The Mexican government has also been at odds with the country’s second-richest man Germán Larrea. Within days of seizing the railway from Larrea’s Grupo México, the billionaire’s negotiations to buy Citigroup’s Mexico unit collapsed just after the president suggested the government might want to buy it. On the railway, Grupo México later struck a deal with the government over compensation for the seizure.

The president says there is nothing personal in his government’s dealings with the billionaires. He regularly talks about “separating” economic and political power and his government has increased Mexico’s meagre tax take by strong-arming big companies, with some success.

“It’s a modus operandi, were seeing it very openly because of the Salinas Pliego issue, but it’s been constant,” said Carlos Ramírez, a consultant at Integralia Consultores. “Its clearly greater political risk in the sense of more discretion on the part of the government.”

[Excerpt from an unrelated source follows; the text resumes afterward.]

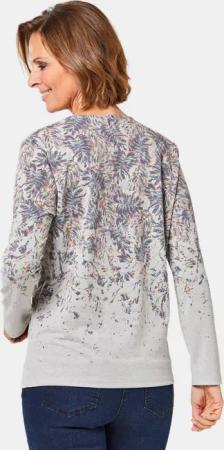 Schönes Druckshirt mit aufwendigem Ausschnitt - flieder / gemustert - Gr. 54 von Goldner Fashion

Many in the private sector reached the conclusion that if they didn’t directly oppose López Obrador, they would mostly be left alone or even do well. They see no benefit from a confrontation with the president, who has approval ratings of around 55 per cent and uses his daily news conference to attack those who challenge him.

Some critics of the dominance the country’s billionaires might welcome action against them now but some analysts would prefer a more institutional approach to scrutiny of the private sector.

“I understand there is the perception of abuse, but on the other hand the response is profoundly authoritarian,” said Edna Jaime, founder, and director of think-tank México Evalúa. “We need to strengthen the Mexican state not the president.”

Onlookers are divided on who the fight between the billionaire and the leftist head of state will damage more. Some think Salinas Pliego will ride out the storm. López Obrador has just six months left of his term — he is barred from re-election — and as his successor is likely to be less popular, they will want to avoid starting their rule with a conflict. Others believe the government could become more powerful in the next term, particularly as it can nominate four new judges to the 11-member Supreme Court. Either way, the two men do not seem willing to back down. “This is a fight between two egos,” Ramírez said. “The ‘blink’ should have happened earlier, now it’s too late.”